If Cool Britannia ever had a capital, Camden in north London was it. But now Camden Town, home to media and TV celebrities, is quickly gaining another reputation – for murder, drugs and violence.

With six murders in three months, the murder rate is running at levels almost on a par with Johannesburg and Moscow, two of the crime capitals of the world.

Every weekend thousands of people visit Camden to buy trinkets and T-shirts from its famous markets and to visit the venues where Blur, Oasis and Coldplay cut their musical teeth. Around 14 million people visit a year, making the area one of the country's top overseas tourist attractions.

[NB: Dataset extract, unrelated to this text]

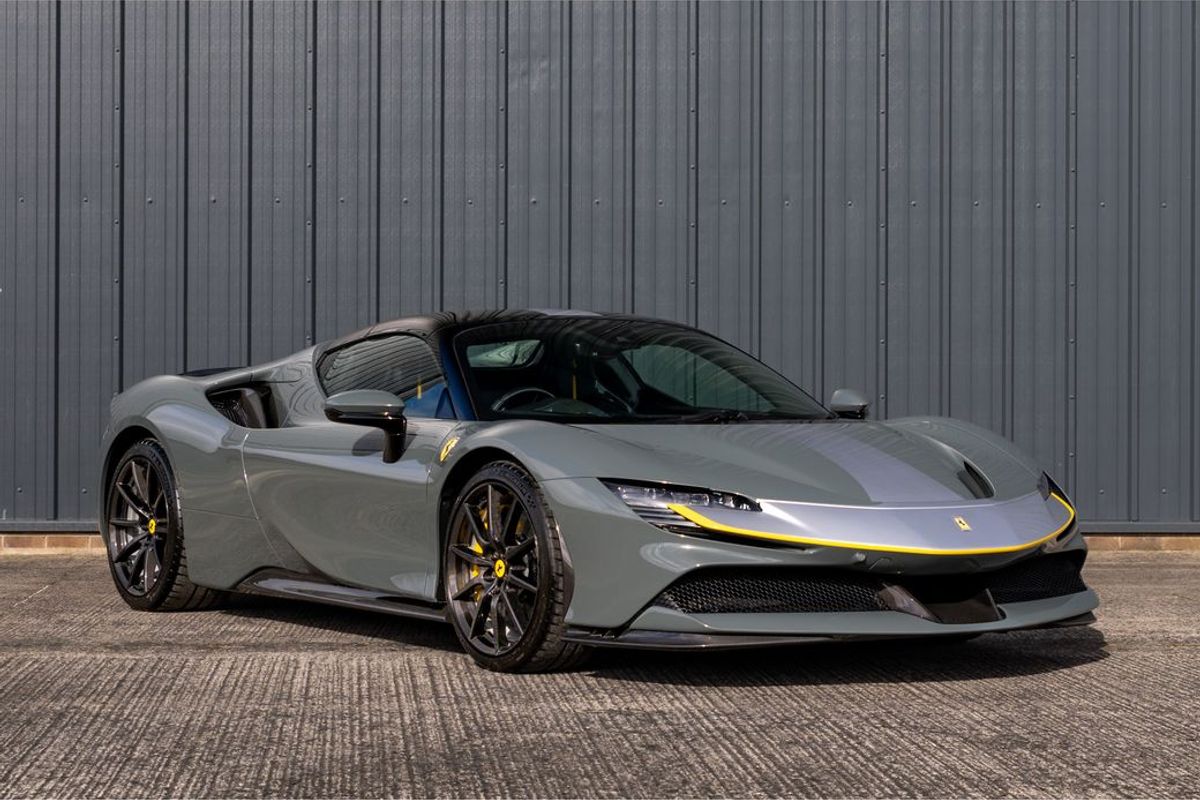 2022 Ferrari SF90 Spider Assetto Fiorano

Opera director Sir Jonathan Miller lives on an exclusive crescent two minutes away from Inverness Street and the Good Mixer pub where Damon Albarn and other members of Blur would unwind after recording at Food Records in Greenland Street.

Among his neighbours is his former Beyond the Fringe colleague, the playwright Alan Bennett and the millionaire philanthropist Torquil Norman, who rescued the once dilapidated Roundhouse venue in nearby Chalk Farm, now home to the Royal Shakespeare Company.

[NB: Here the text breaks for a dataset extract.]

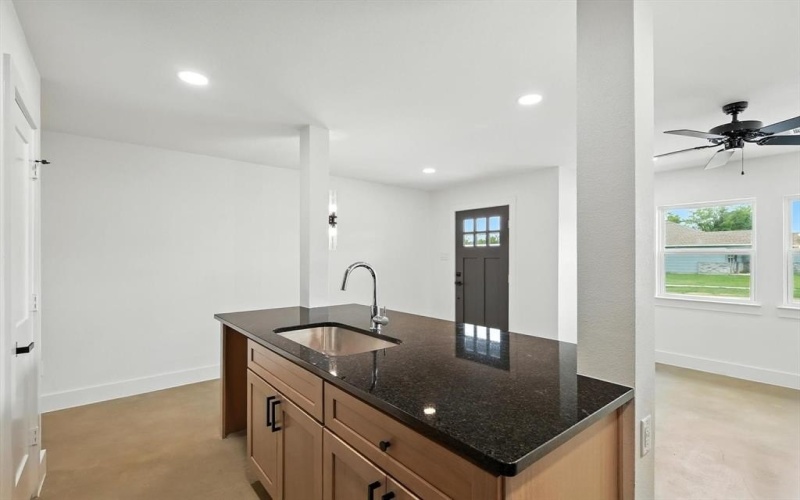 3206 Sayle Street #101, Greenville, TX 75401, 3 Habitaciones Habitaciones , ,1 BañoBaños,Residential,En Venta,3206 Sayle Street,20987490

But in the past three months alone six people have met violent ends on the streets of Camden. Camden is running at 12 murders per 100,000 of the population while Moscow is at 18.2. London as a whole is at 2.3.

Crack and heroin dealing have also become rife, leading to drive-by shootings and murmurings from the fashionable media industry that it is time to pull out of one of Britain's cultural centres. A few minutes walk from Sir Jonathan's house is a popular gay club called the Black Cap. In July Andreas Hinz, a 37-year-old trainee Rabbi, described by friends as "quiet and very polite", uncharacteristically left with a man. He wasn't seen again for a week. Then his decapitated body was found in six rubbish bags behind bins on an estate 10 minutes' walk away. His torso was left on the pavement.

In May Frankie Kyraciou, 19, was stabbed during a fight in Falkland Road. Pierluigi Campioni, 35, was stabbed to death in June on Camden Lock.

Jahmai Conquest, 17, was killed with a knife outside the Tally Ho pub at the top of Kentish Town Road, yards from the Forum music venue, in July. In the same month, Kon Deng Thiep, 43, a refugee from Somalia, was beaten to death in Ferdinand Street while trying to break up a fight.

Last month Thomas Breen, 50, an Irish labourer, was stabbed outside the Oxford Arms in Camden High Street, feet away from MTV's studios and Camden's markets.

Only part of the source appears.